Last week's comics were all over the place in terms of quality, but certain images stand out. Let's pick two for Marvel and two for DC and see what we get, shall we?

Marvel's worst image of the week would have to be the cover of the latest issue of the Avengers' most recent re-launch:



although I'll give this monstrosity its due: it perfectly reflects the disaster this opening run of the book's first storyline has been from the start. It's hyperactive, confused, and incredibly misleading (nothing even closely resembling that scene happens in the issue, needless to say). 'Old' Hulk is grabbing Thor's tunic; but Thor is smacking him across the face with his hammer; but Thor's helmet is falling off, for some reason; but there's some weird-looking young woman jumping over the two of them like it was a dance contest; but the Avengers logo is shattering, for some reason … etc. Actually reading the issue isn't any less painful or distracting – just more prolonged.

DC's worst image isn't actually bad – but it also serves as perfect visual shorthand for the whole issue's contents. Smack dab in the middle of the latest issue of the Teen Titans, we get this:



That's sensitive young Connor Kent – i.e. Superboy – getting all sympathetic with Wonder Girl (because this is the 21st century, the scene takes place after they've done some heavy kissing and caressing), pausing in the middle of a make-out session to hear about all the things that are bothering her this week. It's plodding, TV melodrama-type stuff, and that's been a besetting problem with the Titans for about 900 issues now: no writer has come along in quite some time who seems willing to just ignore the impossibly complicated back-stories of every single character on the team and just make the book exciting again. Instead, we get scene after scene like this one (although usually not so prettily drawn), in which meaning and melodrama are hashed out endlessly in place of anything actually happening. It's possible the writer and artist felt they needed to get this stuff out of the way first – the set-up for next issue looks very promising, at last – but we'll see.

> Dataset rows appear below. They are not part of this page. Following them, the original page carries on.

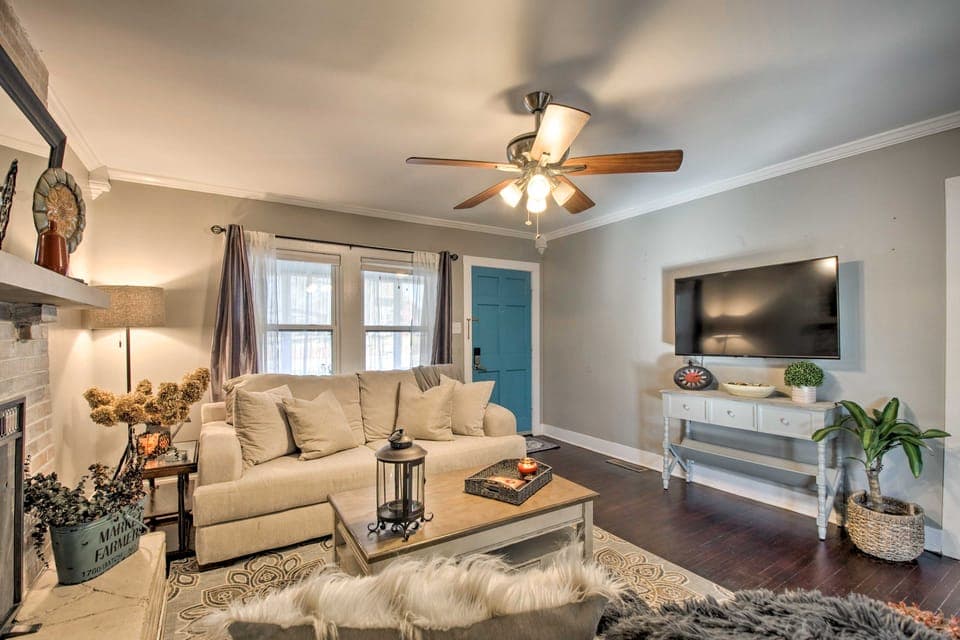 Modern Florence Getaway w/ Patio & Grill! House in Florence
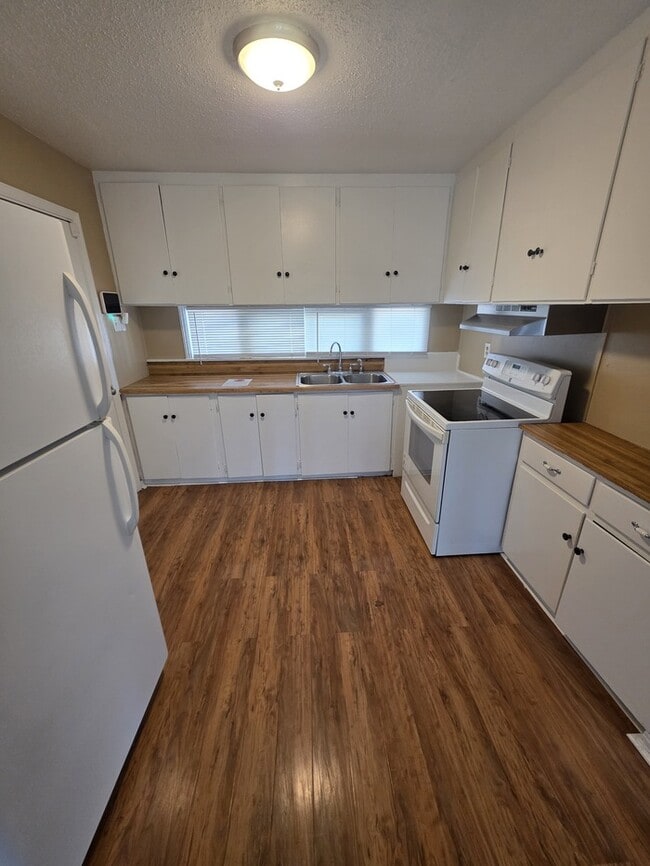 Building Photo - 3 bed 1.5 bath home, large backyard!
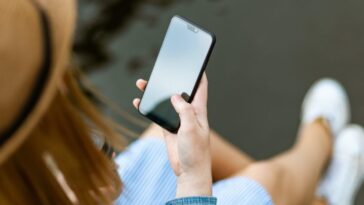 Il n'y a pas de lien entre l'utilisation des téléphones portables et le cancer du cerveau, conclut l'OMS 9 Não há ligação entre o uso de telemóveis e o cancro no cérebro, conclui OMS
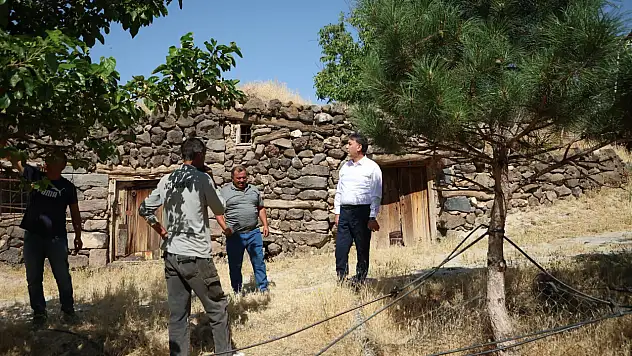 Mahalle mercek altında! Başkan adım adım gezdi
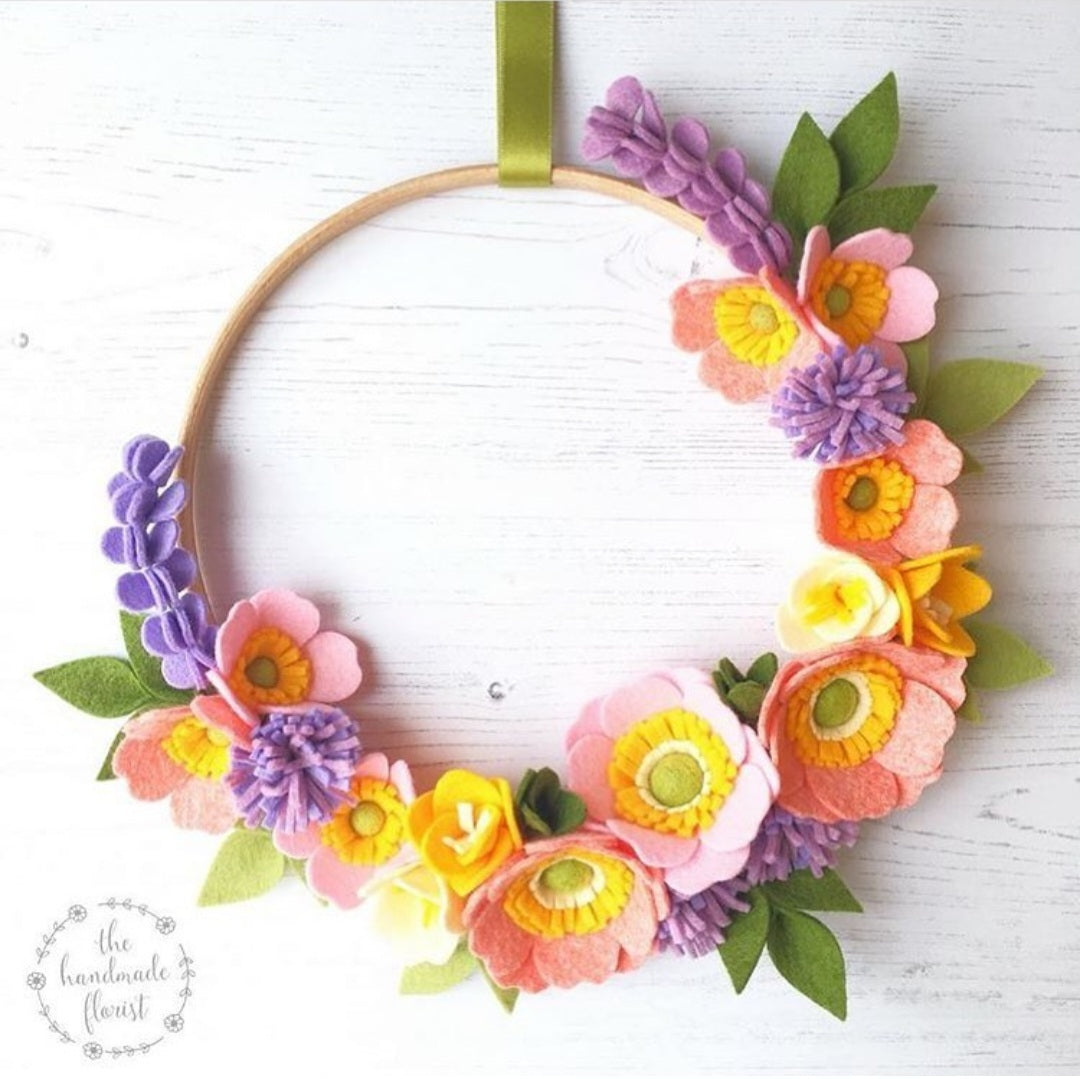 Blushing Anemone Wreath Craft Kit
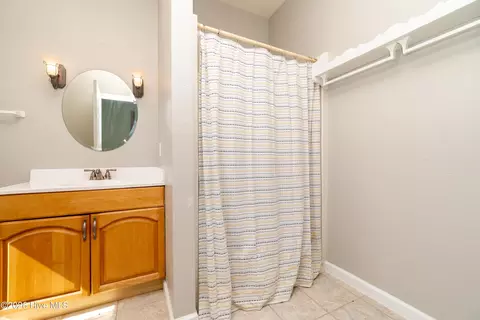 Bath - 101 Daybreak Ct, Grandy, NC 27939 photo 5 of 7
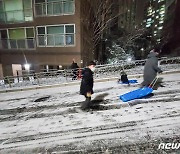 갑작스런 폭설에 신난 동심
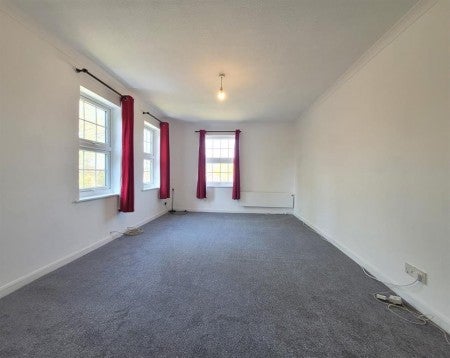 Flat Crowthorne Road in Bracknell
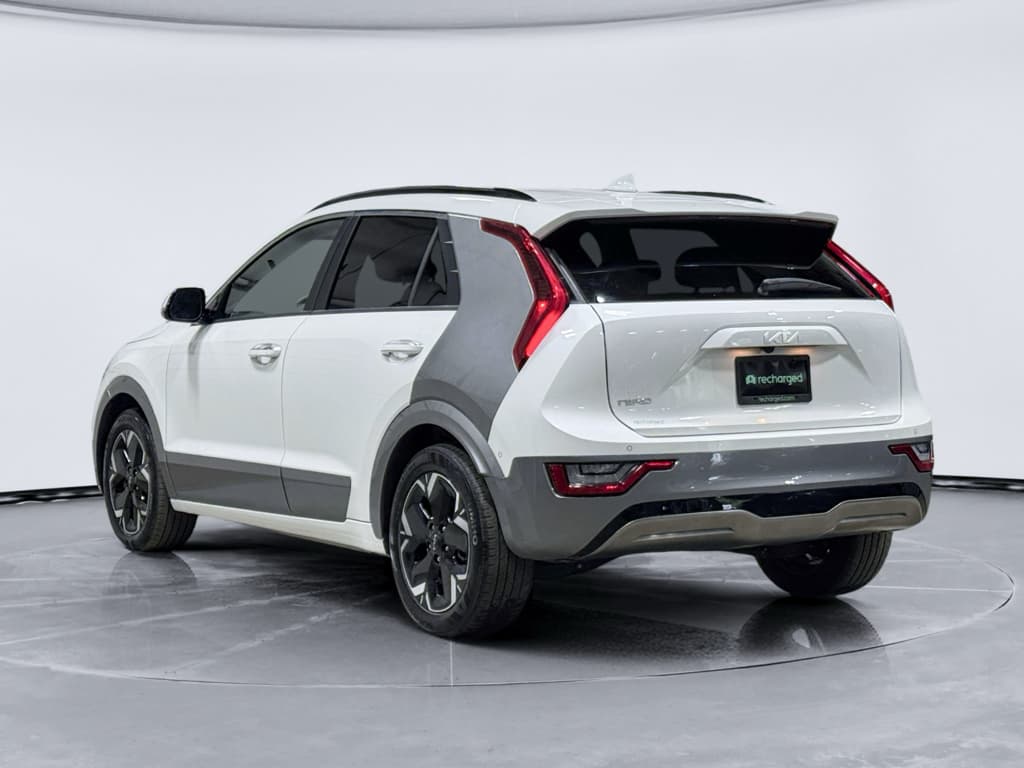2023 Kia Niro EV view 2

Luckily, it's not all bad news! DC also furnished one of the best issues of the week, in which Lex Luthor, thinking he's dead, has an issue-long angry discussion with Death herself – the teenaged girl-waif Death from Neil Gaiman's interminably pretentious “Sandman” run. At one point, Lex (who here proves again and again the truth of the old theater axiom that villains get to be ten times more interesting psychologically than heroes), trying to figure out what's going on, makes a ranting mention of DC's biggest, most-hyped crossover event of the summer, saying all of this must be connected somehow to the Black Lanterns and Darkest Night. To which Death has an answer that's hilariously blasé:



And even that panel can't hold a candle to the best visual of the week. Over at Marvel, Ben Grimm has been given the ability to temporarily revert to his human form, and he and Johnny Storm decide to make the most of it by filling the day with a host of long-postponed 'normal' activities that Ben could never quite do in his monstrous Thing persona. And one of those activities is a pure gift to us long-time fans:



Impossible to beat that, this time around. But who knows what the next batch of comics will hold?